In God we trust. All others, bring data.
There is a huge difference between subjective and objective. Don’t run your company by emotions. “Your gut is great, it's what got you there. But at a certain point, speak with data, make decisions with data,” McFarlane says.
Our favorite radio station is WIIFM.
What’s In It For Me? Everyone is hard-wired to care about themselves. Even you.
So, don’t take it personally when a potential new hire takes a job down the road that pays more. They’re just looking after their own interests.
“There's blood on the streets when it comes to labor, and they're getting great offers,” McFarlane says. “When they operate in their own self-interest, let's remove the emotional baggage about that and understand it's not personal, it just is what it is.”
One-on-Ones and the Power of Positive Feedback
Approach one-on-ones with employees as a time to talk about performance and understand the person, rather than try to label them and put them in a box. Look for more than what’s wrong. Find things you like and praise them for it.
Good managers also give regular, positive feedback that’s authentic, and not simple platitudes. They make positive feedback specific, timely, and direct, and find ways to celebrate the success with the entire team.
“By and large, people are three times more likely to quit if they go unrecognized,” McFarlane says.
In fact, one study found the greatest difference between the most and least successful teams is the ratio of positive comments to negative ones:
Highest performing teams had an average ratio of almost six positive feedback comments to one negative.
Middle performing teams had an average ratio of almost two positive feedback comments to one negative.
Lowest performing teams had almost three negative comments for every one positive one.
“Here's what separates great leaders from good managers: They understand they don't get to define what was positive and what was negative. That's the role of the person receiving that feedback,” McFarlane says.
Neutral feedback can seem negative, because we all want incredible, awesome feedback.
For instance, recognize a tech when they stay late to help a customer, then share that success the next day with the rest of the team. It will be specific, timely, and direct. “It’s kind of like a superpower,” McFarlane says.
Keep in mind, however, that most skilled tradesmen won’t tell you they want positive feedback. But it’s your job to provide it.
“When it's business as usual, and we're not being proactive and leading from our values, then yeah, you're going to have attrition,” McFarlane says. “What kind of self-respecting, kick-ass installer is going to be like, ‘Hey, man, I developed feelings last night, can you tell me I'm awesome?’ It's not real.”
What is a leader’s role in unlocking an employee’s true potential?
Prove How Much They Know—Not You
No Making Fun of Anybody
Make Them a Hero
“The communication of knowledge and understanding, it's all about connecting ideas relative to something the person you're talking to already knows,” McFarlane says. “We need to understand what they know about our vision, identify the gap, and then share those things they don't yet understand in ways they can.”
To do that, he suggests following these 3 Rs:
Repeat.
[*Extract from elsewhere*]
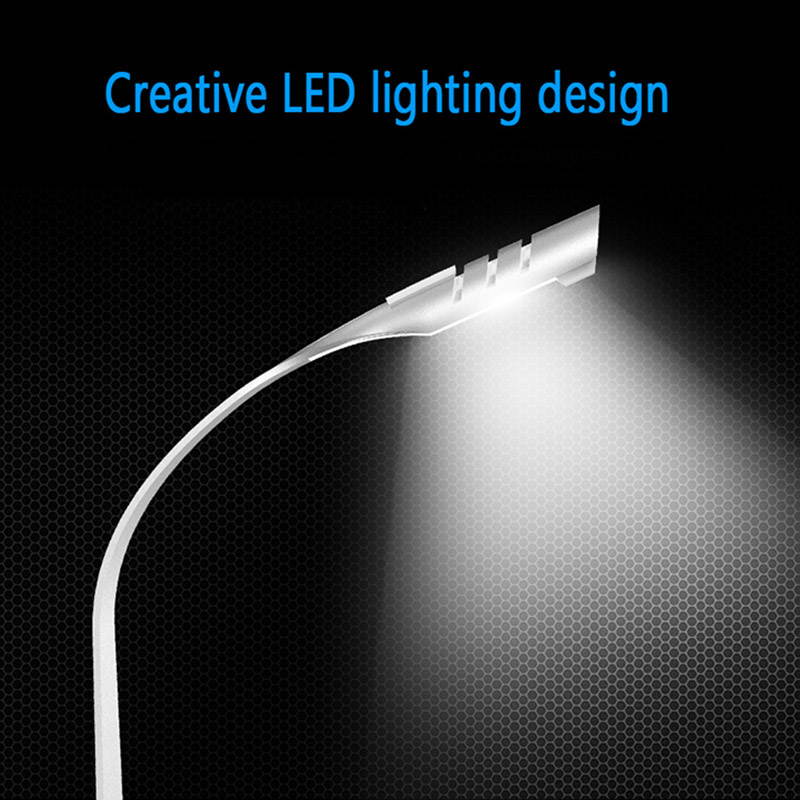 PC Gaming Microphone with Table Lamp 3.5mm Amplifier Desktop Microphone for Computer Smartphone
Repeat the question/statement, so everyone can hear it.
Redirect. Redirect it to someone else in the room and be prepared to call on people.
Restate. Restate the answers they came up with or rephrase to provide the correct answer.
For example, a new tech might ask a question about a specific issue during a service meeting. You ask the room if anyone else experienced the same issue, then redirect the question to a more experienced tech. When they offer a solution, restate it so everyone learns.
“The nut of it is, you create engagement by being engaging,” McFarlane says.
Finally, leadership in 3 steps:
Lead with questions.
Dig into the answers.
Set goals around the solutions.
“Now, you've created an opportunity for engagement, for understanding, and they've created their own goals,” McFarlane explains. “All you are is the gentle hands on the wet clay. They made the vase. It's their vase, you're just helping sculpt the process.”